The following year, he became a sports columnist at the New York Post. From 1994 to 2001, he was a columnist at the Daily News. He has also been a national columnist at FOXSports.com, and a contributing writer for Esquire. His Esquire profile of boxer Oscar De Hoya – “The Great (Almost) White Hope” was anthologized in At the Fights: American Writers on Boxing and The Book of Boxing, edited by W.C. Heinz.

Television
In 2011–12, Kriegel hosted a sports-themed interview show, Barfly, for FOX Sports Net. In June, 2012, he joined the NFL Network as an analyst on the launch of its morning show, NFL AM. He now does essay pieces for the network's Total Access show and Sunday features for Game Day Morning. Kriegel also writes the Emmy-winning All Access series for Showtime. His All Access: Chávez, about the turbulent relationship between the great Mexican boxer, Julio César Chávez, and his son, Julio Jr., explores the same father-son themes Kriegel focused on as a biographer.

He has been part of Emmy-winning teams for the NFL Network (2013 for “Outstanding New Approaches”) and Showtime (2015 for “Outstanding Sports Documentary Series”)

In January, 2016, Showtime launched a digital series, “The Reveal with Mark Kriegel,” featuring deep dive, often emotional interviews with boxers and other sports personalities."

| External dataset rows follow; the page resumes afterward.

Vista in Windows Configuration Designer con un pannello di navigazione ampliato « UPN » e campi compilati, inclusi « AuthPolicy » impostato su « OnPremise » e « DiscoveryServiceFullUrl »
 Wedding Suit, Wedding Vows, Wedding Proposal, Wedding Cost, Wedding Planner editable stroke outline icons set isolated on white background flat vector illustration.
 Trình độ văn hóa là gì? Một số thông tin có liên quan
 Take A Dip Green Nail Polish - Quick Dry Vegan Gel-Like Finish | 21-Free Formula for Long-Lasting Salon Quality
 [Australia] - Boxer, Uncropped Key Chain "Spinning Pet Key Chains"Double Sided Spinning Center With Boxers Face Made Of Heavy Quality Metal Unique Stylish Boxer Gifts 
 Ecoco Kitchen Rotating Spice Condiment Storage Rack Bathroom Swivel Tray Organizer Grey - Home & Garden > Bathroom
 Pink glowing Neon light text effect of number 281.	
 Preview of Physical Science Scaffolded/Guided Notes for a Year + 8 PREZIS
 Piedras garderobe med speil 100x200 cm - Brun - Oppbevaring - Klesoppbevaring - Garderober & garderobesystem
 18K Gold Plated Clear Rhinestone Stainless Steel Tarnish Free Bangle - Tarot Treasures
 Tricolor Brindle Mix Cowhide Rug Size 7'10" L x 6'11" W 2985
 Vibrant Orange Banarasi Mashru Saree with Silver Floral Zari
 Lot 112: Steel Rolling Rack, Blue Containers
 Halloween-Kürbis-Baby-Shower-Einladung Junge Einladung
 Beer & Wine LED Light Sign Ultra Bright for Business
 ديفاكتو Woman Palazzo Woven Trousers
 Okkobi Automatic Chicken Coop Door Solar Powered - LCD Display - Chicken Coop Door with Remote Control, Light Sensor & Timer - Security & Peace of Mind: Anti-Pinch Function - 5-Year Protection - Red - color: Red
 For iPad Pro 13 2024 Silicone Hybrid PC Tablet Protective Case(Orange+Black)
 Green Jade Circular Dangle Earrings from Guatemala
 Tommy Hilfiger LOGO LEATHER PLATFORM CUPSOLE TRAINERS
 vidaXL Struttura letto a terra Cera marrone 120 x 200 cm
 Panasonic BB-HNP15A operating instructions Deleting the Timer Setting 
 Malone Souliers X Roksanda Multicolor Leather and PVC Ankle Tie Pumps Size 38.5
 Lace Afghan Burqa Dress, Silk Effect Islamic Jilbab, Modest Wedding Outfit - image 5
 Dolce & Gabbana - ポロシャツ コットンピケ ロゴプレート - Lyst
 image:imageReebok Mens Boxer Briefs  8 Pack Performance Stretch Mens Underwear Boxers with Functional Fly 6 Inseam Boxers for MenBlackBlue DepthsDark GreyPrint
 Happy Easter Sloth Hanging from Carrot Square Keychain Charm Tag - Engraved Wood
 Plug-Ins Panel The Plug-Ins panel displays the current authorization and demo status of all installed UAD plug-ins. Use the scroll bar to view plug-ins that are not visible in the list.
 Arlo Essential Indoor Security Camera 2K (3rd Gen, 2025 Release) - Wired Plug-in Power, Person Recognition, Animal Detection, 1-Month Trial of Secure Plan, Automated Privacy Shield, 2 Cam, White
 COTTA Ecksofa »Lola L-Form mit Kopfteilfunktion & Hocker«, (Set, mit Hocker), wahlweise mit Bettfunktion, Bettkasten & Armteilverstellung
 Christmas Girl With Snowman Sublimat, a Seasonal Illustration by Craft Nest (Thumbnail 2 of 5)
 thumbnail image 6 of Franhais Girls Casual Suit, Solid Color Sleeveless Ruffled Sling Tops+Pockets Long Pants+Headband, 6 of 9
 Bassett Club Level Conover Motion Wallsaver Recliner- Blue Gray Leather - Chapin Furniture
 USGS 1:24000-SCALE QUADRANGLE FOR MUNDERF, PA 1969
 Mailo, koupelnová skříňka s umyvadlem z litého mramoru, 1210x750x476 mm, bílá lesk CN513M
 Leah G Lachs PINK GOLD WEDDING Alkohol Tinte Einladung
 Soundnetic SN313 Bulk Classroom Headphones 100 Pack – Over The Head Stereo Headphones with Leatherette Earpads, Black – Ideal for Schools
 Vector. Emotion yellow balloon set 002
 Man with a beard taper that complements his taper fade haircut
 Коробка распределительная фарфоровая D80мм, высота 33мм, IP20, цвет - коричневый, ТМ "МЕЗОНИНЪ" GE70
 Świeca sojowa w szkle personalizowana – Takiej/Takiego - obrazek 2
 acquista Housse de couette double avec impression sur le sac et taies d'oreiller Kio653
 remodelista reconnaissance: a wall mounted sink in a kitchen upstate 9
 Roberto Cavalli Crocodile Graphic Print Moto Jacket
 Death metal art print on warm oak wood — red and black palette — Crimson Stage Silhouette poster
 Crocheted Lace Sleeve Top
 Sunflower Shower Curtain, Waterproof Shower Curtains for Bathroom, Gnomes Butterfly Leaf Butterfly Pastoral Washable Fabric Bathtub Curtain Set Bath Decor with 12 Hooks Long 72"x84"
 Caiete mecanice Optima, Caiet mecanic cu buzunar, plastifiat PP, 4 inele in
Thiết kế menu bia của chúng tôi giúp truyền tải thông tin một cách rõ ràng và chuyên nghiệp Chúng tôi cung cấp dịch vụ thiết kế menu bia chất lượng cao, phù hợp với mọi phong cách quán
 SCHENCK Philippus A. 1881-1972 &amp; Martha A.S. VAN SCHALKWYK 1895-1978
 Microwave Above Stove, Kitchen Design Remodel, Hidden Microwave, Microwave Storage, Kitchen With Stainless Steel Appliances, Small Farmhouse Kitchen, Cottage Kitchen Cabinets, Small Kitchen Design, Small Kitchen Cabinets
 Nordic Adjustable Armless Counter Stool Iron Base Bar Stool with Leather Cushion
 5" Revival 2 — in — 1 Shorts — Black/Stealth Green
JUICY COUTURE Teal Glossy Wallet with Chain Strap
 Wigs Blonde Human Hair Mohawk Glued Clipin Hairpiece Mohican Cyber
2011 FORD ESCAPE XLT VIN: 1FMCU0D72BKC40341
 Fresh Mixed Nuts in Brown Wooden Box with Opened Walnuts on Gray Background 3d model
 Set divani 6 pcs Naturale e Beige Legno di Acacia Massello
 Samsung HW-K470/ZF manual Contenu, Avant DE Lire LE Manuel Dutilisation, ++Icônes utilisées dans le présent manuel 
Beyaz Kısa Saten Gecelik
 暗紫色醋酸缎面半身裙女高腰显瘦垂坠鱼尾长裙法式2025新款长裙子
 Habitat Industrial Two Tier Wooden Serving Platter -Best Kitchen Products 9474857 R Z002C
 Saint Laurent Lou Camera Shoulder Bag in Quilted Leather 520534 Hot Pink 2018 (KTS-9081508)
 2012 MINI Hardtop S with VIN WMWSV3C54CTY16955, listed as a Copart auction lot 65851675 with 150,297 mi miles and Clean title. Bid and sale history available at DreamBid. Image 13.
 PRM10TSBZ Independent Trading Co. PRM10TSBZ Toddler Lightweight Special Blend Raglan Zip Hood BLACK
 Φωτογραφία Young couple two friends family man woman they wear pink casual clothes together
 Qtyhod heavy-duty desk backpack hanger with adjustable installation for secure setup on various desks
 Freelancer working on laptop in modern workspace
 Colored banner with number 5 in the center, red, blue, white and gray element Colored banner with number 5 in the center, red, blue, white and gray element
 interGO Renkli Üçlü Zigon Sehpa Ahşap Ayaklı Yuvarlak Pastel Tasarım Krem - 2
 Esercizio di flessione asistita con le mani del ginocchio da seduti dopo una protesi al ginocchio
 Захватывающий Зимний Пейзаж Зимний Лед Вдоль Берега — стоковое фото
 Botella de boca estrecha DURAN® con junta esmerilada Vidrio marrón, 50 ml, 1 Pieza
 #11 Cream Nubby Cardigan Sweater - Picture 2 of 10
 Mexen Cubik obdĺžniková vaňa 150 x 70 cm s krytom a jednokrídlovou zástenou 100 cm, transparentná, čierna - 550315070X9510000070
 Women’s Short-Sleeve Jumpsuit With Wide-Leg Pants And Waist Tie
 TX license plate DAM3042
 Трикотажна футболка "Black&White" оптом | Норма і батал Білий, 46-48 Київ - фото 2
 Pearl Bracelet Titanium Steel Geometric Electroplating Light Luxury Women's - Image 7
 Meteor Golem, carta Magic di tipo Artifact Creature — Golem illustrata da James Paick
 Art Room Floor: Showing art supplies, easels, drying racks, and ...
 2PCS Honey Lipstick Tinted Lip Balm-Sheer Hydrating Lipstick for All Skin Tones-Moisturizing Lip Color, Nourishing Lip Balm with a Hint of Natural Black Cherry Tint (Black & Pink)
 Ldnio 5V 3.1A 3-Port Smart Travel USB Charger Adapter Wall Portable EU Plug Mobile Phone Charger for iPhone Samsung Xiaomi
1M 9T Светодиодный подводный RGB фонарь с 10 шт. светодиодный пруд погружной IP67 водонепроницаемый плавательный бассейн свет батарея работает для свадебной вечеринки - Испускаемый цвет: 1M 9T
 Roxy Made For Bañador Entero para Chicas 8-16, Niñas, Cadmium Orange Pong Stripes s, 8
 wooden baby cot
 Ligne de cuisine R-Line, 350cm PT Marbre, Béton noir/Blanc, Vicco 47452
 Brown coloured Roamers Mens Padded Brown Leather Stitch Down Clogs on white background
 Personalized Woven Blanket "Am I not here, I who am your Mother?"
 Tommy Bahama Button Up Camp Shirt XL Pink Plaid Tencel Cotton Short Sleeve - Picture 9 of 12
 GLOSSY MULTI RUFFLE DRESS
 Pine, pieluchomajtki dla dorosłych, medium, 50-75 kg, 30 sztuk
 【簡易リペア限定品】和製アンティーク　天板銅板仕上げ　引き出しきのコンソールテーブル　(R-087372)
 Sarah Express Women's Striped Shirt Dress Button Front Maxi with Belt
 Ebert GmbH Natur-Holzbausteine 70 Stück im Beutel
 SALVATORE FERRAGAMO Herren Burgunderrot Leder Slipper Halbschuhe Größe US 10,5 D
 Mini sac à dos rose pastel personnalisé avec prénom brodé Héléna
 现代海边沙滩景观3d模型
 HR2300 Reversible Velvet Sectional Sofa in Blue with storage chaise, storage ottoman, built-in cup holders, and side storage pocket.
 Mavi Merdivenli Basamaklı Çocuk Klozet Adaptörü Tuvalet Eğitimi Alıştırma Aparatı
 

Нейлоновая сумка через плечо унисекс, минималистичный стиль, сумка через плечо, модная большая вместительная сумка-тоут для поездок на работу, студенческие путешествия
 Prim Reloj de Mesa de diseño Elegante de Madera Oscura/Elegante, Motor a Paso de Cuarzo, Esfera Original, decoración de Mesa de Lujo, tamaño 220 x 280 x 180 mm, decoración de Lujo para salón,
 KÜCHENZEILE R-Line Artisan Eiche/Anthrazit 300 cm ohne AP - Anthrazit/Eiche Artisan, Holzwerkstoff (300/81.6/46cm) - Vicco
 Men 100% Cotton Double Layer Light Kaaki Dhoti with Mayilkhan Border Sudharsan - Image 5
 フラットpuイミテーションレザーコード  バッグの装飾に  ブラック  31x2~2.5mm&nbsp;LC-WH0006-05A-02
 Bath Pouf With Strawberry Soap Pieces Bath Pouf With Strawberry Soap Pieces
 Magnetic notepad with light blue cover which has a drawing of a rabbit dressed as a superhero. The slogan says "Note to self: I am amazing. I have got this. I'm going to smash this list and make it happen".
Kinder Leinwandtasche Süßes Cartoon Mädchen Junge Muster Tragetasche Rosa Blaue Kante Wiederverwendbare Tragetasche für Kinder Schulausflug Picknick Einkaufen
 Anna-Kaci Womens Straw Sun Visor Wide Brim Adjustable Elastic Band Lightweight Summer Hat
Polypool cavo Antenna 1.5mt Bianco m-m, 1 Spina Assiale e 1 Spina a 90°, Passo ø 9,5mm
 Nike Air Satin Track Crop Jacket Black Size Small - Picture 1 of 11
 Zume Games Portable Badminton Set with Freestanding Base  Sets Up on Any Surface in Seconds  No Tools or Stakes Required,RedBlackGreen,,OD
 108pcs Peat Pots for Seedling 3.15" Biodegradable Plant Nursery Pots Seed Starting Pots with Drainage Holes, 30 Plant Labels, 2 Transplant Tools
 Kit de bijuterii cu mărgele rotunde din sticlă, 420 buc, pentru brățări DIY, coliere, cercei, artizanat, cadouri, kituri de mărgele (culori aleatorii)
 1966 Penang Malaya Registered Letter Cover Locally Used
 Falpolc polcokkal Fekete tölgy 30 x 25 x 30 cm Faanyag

In 2017, he wrote and co-produced a feature-length documentary about Prison Fight “Prison Fighters: 5 Rounds to Freedom,” the story of a controversial government program that allows inmates to fight for their freedom in Muay Thai matches. The program, as Kriegel told the New York Post: “Can violent men redeem themselves through violent acts?”

In 2022, Kriegel narrated a tribute package for Shad Gaspard's posthumous induction into the WWE Hall of Fame as the class of 2022's Warrior Award recipient

“He's been a part of three Emmy-winning teams for the NFL Network and Showtime.

Personal
Kriegel lives in Santa Monica, California, with his daughter, Holiday.

References

External links
NFL.com Profile

Living people
American sports journalists
Year of birth missing (living people)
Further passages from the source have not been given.